Натюрморт «Графин». Фото О. Кобак. 1932 г.
Оружие (маузер, пистолет и еще какая-то штуковина с оптическим прицелом) так и осталось в подвале, под толстым слоем земли, битого кирпича и обломков фундамента нашего разрушенного дома. Теперь мне кажется, что эпизод с закопанным оружием был попыткой провидения, второй по счету, спасти моего отца. А первая попытка представляется совсем мистической. Незадолго до ареста Отца ко мне зашел мой товарищ, одноклассник Коля Алексеев. Он был страшно худ и печален. Мы поговорили о чем-то. Помню, меня поразили его спокойные слова о возможной смерти. Уходя, Коля вдруг сказал, глядя на стену, где висел кортик: «Подари мне, пожалуйста, этот кортик на память». Кортик не принадлежал лично мне и я, конечно, отказал, подумав, что от голода он лишился рассудка. Через некоторое время я узнал, что Коля умер. Зачем ему, умирающему подростку, вдруг захотелось иметь этот кортик? И почему мне, тоже дистрофику, стало жалко этого кортика? Честно говоря, я мог подарить ему кортик и тем, возможно, спас бы не только Отца, но и Колю. Но не подарил. Первая попытка не удалась. Не удалась и вторая.

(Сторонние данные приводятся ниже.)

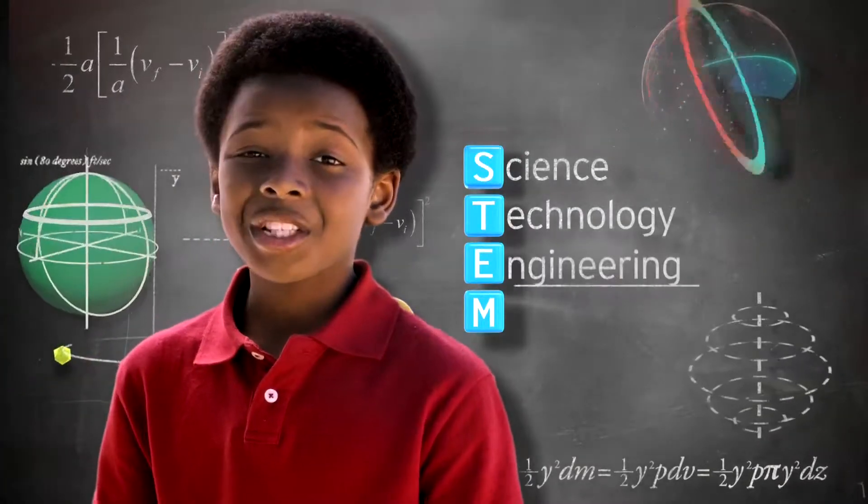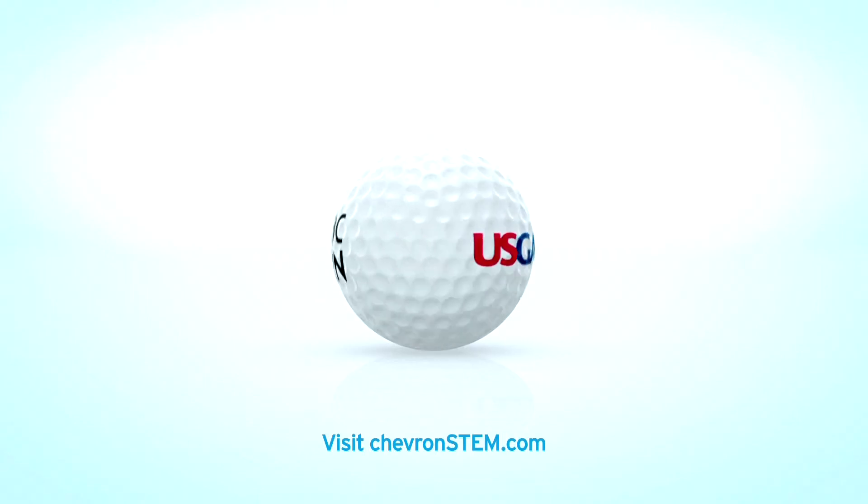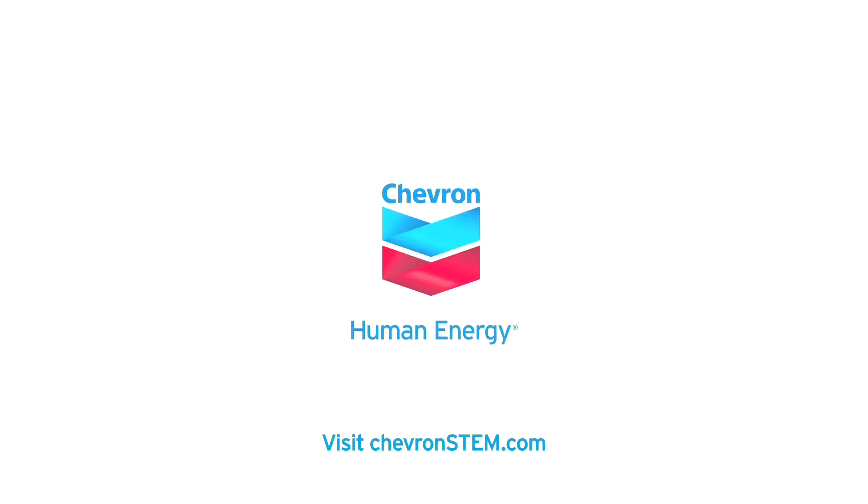Science, Technology, Engineering and Mathematics. Chevron is proud to partner with the USGA and NBC Learn to develop STEM programs that inspire our kids.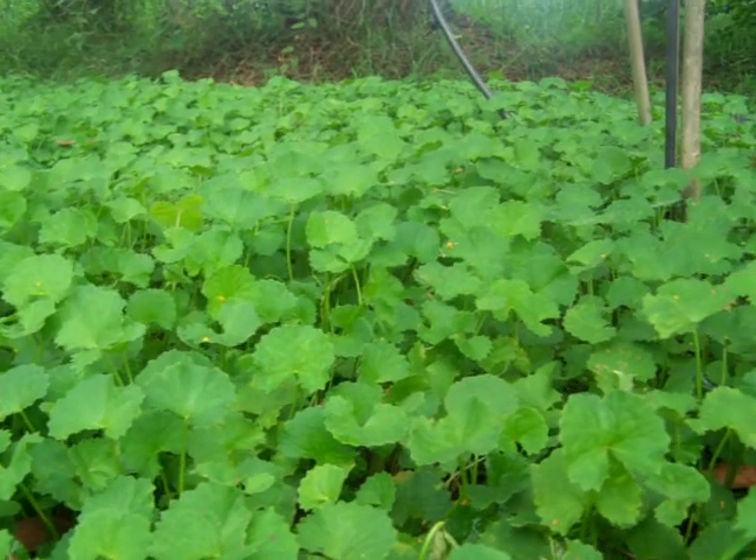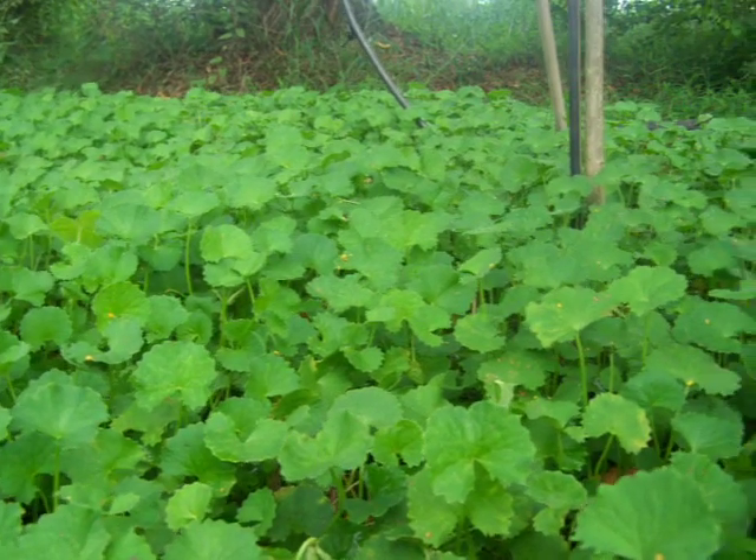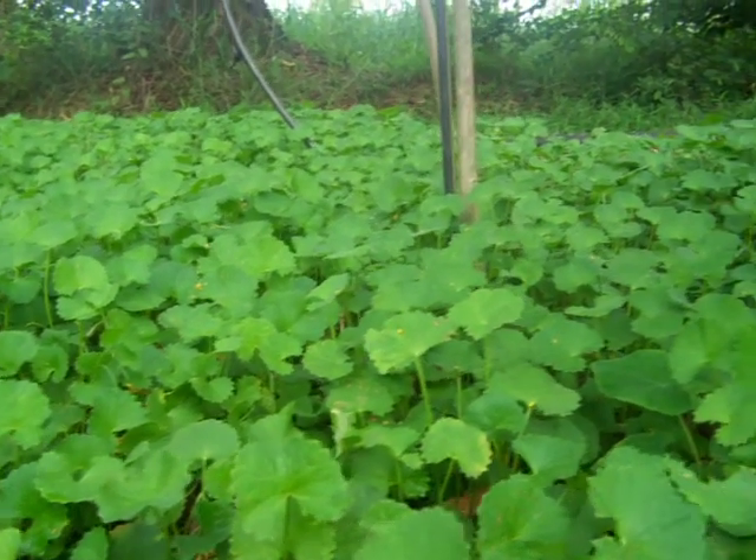I would also like to show you a Chippipara Hound, so the camera will now turn in that direction.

В 1942 году Отец оказался в Унжлагере[6] и умер, скорее всего, от голода. В ноябре 1995 года я получил справку из МВД о том, что Отец умер в Унжлагере Нижегородской области 26 декабря 1942 года от пеллагры. Где-то там и находится его могила. Характерная деталь: в 1942 году, в разгар голода, заключенных вывезли из блокадного Ленинграда, очевидно, вместо какого-то числа детей и женщин. Теперь стало известно, что в 1942 году началась массовая депортация малых народов из Ленинградского региона. Изгонялись и вывозились ингерманландские финны, немцы и прибалты. Не исключено, что скорая расправа с Отцом была осуществлена в ходе этой кампании. Печать сына осужденного, вдобавок эстонца, я ощущал на себе всю жизнь.
Отец. 1932 г.
Последние воспоминания об Отце и доме моего детства связаны с эпизодом блокадной зимы 1942–1943 годов. Наш дом ломают, второй этаж уже разобран, наша квартира опустела, валяются брошенные старые вещи и рухлядь, хрустит битое стекло. Я открываю отцовский чулан под лестницей. Там по всем стенам от пола до потолка полки, заставленные фотонегативами. Их невообразимое множество, пачки и коробки с датами 1920—1930-х годов. Что с ними делать? Везти их на новое место жительства нет сил. Я открываю крышку подвала. Там Отец закопал оружие, я помню. Беру пачку негативов и с размаху швыряю в подвал. Потом еще и еще. Негативы бьются, скатываются по лесенке. На дне подвала образуется куча битого стекла. Меня охватывает мерзкий азарт уничтожения. Вот, наконец, в подвал летит последняя пачка. Сегодня, через 50 с лишним лет, я понимаю: тогда погиб ценный отцовский архив. Почти одновременно погиб и сам Отец, а после смерти Мамы померкла память о нем.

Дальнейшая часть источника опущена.